We define two arrays \( Pals \) and \( LMost \) as follows:

$$\begin{aligned} Pals [i]&= \{r \mid T[i-r+1..i+r] \text{ is } \text{ a } \text{ maximal } \text{ palindrome } \text{ in } T \text{ for } \text{ pivot } i \}. \\ LMost [c]&= \min \{i \mid T[i]=c \} \text{ for } c \in \varSigma . \end{aligned}$$

By Lemma 1, a position i in T is of type-1 iff \( LMost [i+ Pals [i]+1] < i- Pals [i]\).

Lemma 2

Given a string T of length n over an integer alphabet of size \(n^{O(1)}\), we can determine whether each position i of T is of type-1 or type-2 in a total of O(n) time and space.
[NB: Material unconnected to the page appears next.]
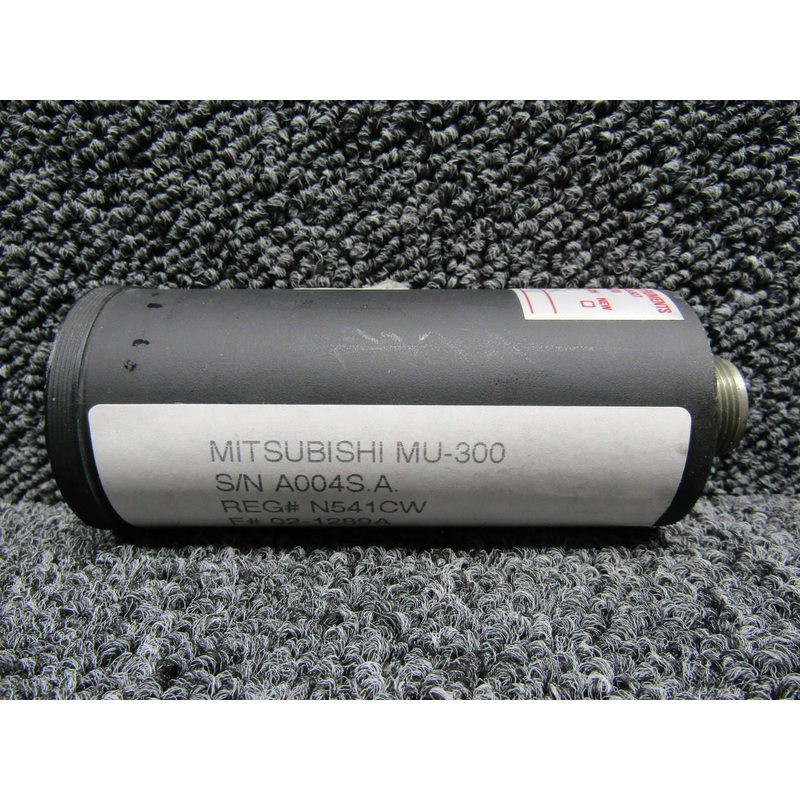 8DJ81-WDF445AS86283-009 General Electric Electrical Tachometer Indicator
By Lemmas 1 and 2, we can consider an algorithm to compute \( SAGP (T)\) by computing \( SAGP _1(T)\) and \( SAGP _2(T)\) separately, as shown in Algorithm 1. In this algorithm, we also construct an auxiliary array \( NextPos \) defined by \( NextPos [i] = \min \{ j \mid i < j, \ T[i] = T[j] \}\) for each \(1 \le i \le n\), which will be used in Sect. 3.2.

Lemma 3

Algorithm 1 correctly computes \( SAGP (T)\).

figure a

In the following subsections, we present algorithms to compute \( SAGP _1(T)\) and \( SAGP _2(T)\) respectively, assuming that the arrays \( Pals \), \( LMost \) and \( NextPos \) have already been computed.

3.1 Computing \( SAGP _1(T)\) for Type-1 Positions

In what follows, we present several algorithms corresponding to the line 9 in Algorithm 1. Lemma 1 allows us greedy strategies to compute the longest prefix \(w^R\) of \(T[i+ Pals [i]+1..n]\) such that w occurs in \(T[1..i- Pals [i]-1]\).
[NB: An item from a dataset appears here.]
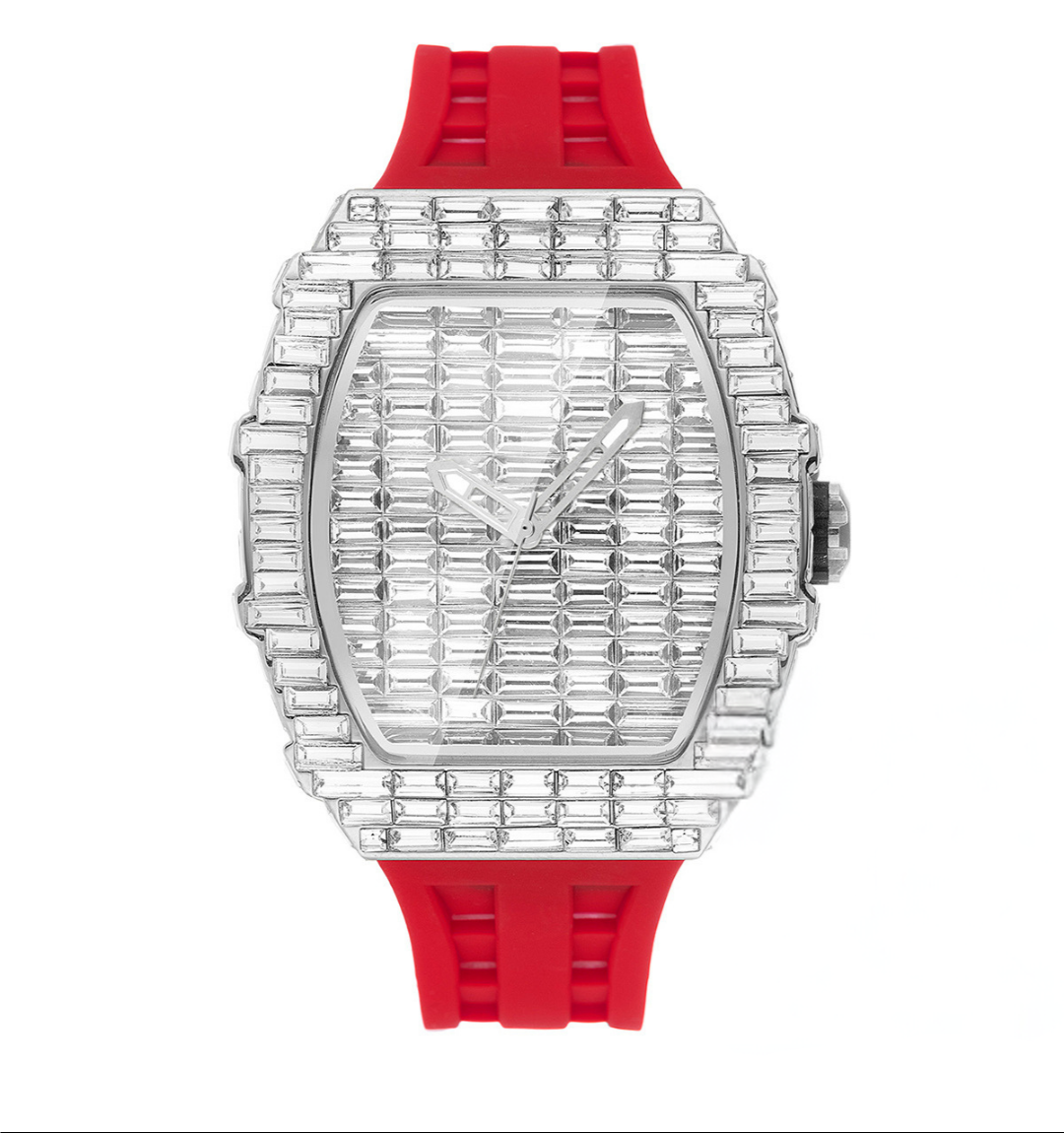 Avalon Baguette Watch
Naïve Quadratic-Time Algorithm with RMQs. Let \(T' = T\$T^R\#\). We construct the suffix array \( SA _{T'}\), the reversed suffix array \( SA ^{-1}_{T'}\), the LCP array \( LCP _{T'}\) for \(T'\), and the array \( RMQ _{ LCP _{T'}}\) to support RMQ on \( LCP _{T'}\).

For each \( Pals [i]\) in T, for each gap size \(G = 1, \ldots , i- Pals [i]-1\), we compute \(W = lcp (T[1..i- Pals [i]-G]^R, T[i+ Pals [i]+1..n])\) in O(1) time by \( RMQ _{ LCP _{T'}}\). Then, the gap sizes G with largest values of W give all longest SAGPs for pivot i. Since we test O(n) gap sizes for every pivot i, it takes a total of \(O(n^2)\) time to compute \( SAGP _1(T)\). The working space of this method is O(n).

Simple Quadratic-Time Algorithm Based on Suffix Array. Given a string T, we construct \( SA _{T'}\), \( SA ^{-1}_{T'}\), and \( LCP _{T'}\) for string \(T' = T\$T^R\#\) as in the previous subsection. Further, for each position \(n+2 \le j \le 2n+1\) in the reversed part \(T^R\) of \(T' = T\$T^R\#\), let \( op (j)\) denote its “original” position in the string T, namely, let \( op (j) = 2n-j+2\). Let e be any entry of \( SA _{T'}\) such that \( SA _{T'}[e] \ge n+2\). We associate each such entry of \( SA _{T'}\) with \( op ( SA _{T'}[e])\).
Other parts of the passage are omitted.